Well, quite. But I think you can push this argument a step further. I’ve heard (don’t quote me because I can’t remember exactly where) that if you group together similar courses across institutions (e.g. Accounting 100, American History survey courses, etc.), then something like 25% of all credits awarded in the United States are accumulated in just 100 “courses”. I expect numbers would not be entirely dissimilar in other Anglophone countries. And though this phenomenon probably functions on some kind of power law – the next 100 courses probably wouldn’t make up 10% of all credits – my guess is your top 1000 courses would account for 50-60% or more of all credits.
Now imagine all Canadian universities decided to get together and make a really top-notch set of e-learning complements to each of these 1000 courses. The kinds of resources that go into a top-notch MOOC in order to improve the quality of each of these classes (like, for instance, the University of Alberta’s Dino 101). Not that they would be taught via MOOC – teaching would remain the purview of individual professors – but that each have excellent dedicated on-line resources associated with each of them. Let’s say they collectively put $500,000 into each of them, over the course of four years. That would be $500M in total, or $125M per year. Obviously, those aren’t investments any single institution could contemplate, but if we consider the investment from the perspective of the entire sector (which spends roughly $35 billion per year) this is chump change. $120 per student. A trifle.
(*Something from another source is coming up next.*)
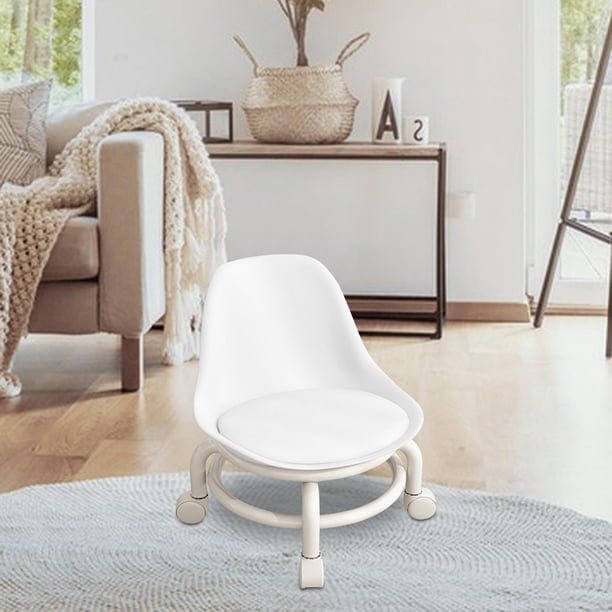 Taburete con Ruedas Silla Giratoria con Respaldo, Ruedas, Taburete de Pedicura Giratorio de 360 degree, Asiento de Ruedas Taburete Corto para Cocina Garaje Blanco Macarena Asiento rodante bajo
So, a challenge to university Presidents and Provosts: why not do this? We’re talking here about a quantum jump in learning resources available for half the credits undergraduate earn each semester. Why not collectively invest money to improve the quality of the learning environment? Why not free up professors’ time so they can focus more on lecture quality and feedback provision? And to provinces and CMEC: why not create incentives for institutions to do precisely this?
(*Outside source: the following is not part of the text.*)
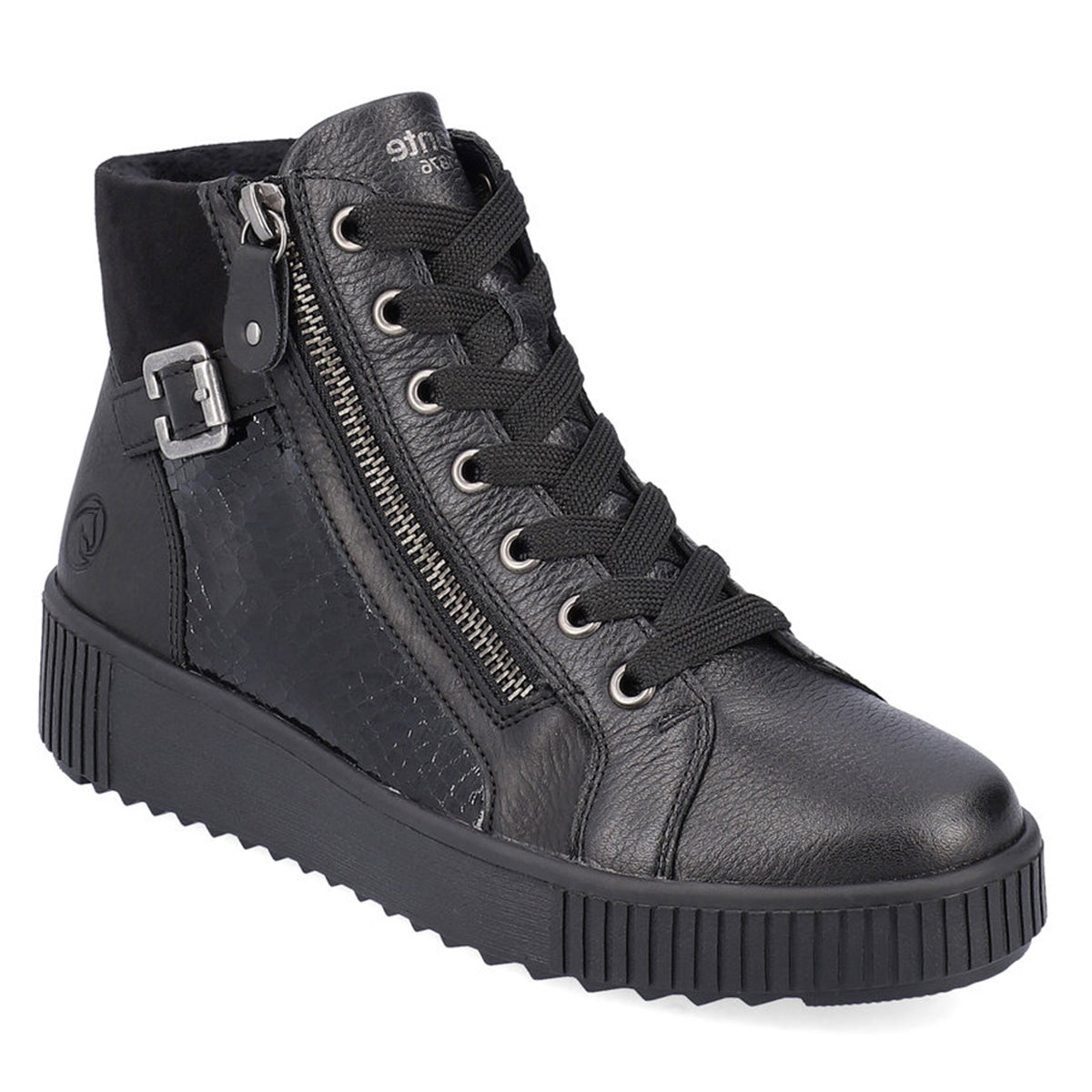 Remonte R7997 Women's Lace Up Boots, black pattern leather boots with side zipper, lace up closure and decorative buckle. Style #R7997-01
A debate should be had. Let’s have it.
I’m normally a huge fan, and I guess there’s a debate to be had here, but I don’t think that taking away a professor’s feeling of ownership of his/her course by rationalizing some of the content will make for better teaching. Certainly, having a list of additional resources is helpful, and many instructors already do share resources (syllabus sharing is common in international relations, among Canadian political scientists, and now among Canadian historians, for example) but the process of choosing readings contributes to an instructor’s understanding of his/her course. Being able to explain to students exactly why a particular reading was selected helps establish the instructor’s credibility and forces upon them a degree of personal responsibility when a reading does not meet / ultimately support the course’s learning objectives. In addition, the process of updating a reading list keeps the instructor aware of any new scholarship that might have come across. There would be, I think, a perverse disincentive to keep up with the literature in any particular field if the reading list was always provided for you.
In my clumsy way, I proposed something along these lines years ago, but much more modest, and profs seemed horrified.
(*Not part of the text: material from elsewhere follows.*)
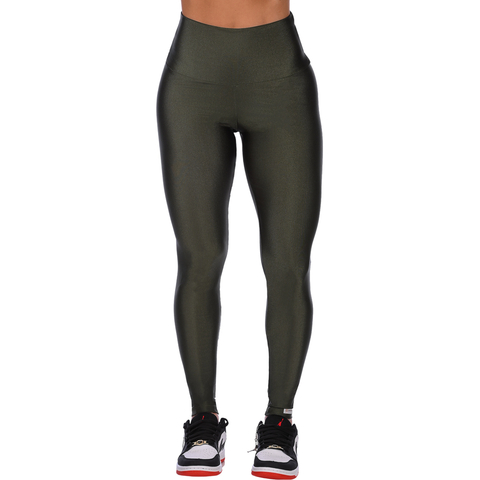 Calça Legging Fitness Cirrê Cós Alto Básica Verde Militar - comprar online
See here: http://www.universityaffairs.ca/opinion/margin-notes/a-humble-proposal-for-online-learning-in-canada/
and here: http://www.universityaffairs.ca/opinion/margin-notes/core-courses-delivered-online-a-proposal-take-2/
Agree with Adam; since most univ. professors are already quite reluctant to use evidence-based teaching strategies, giving us more reasons to disengage and outsource our teaching may not be a great thing. I do like the idea from both efficiency and learning perspectives, though… Sadly, most of us won’t give up our comfy “sage on the stage” passive/transmissive teaching anyhow, so this might be the best we could hope for.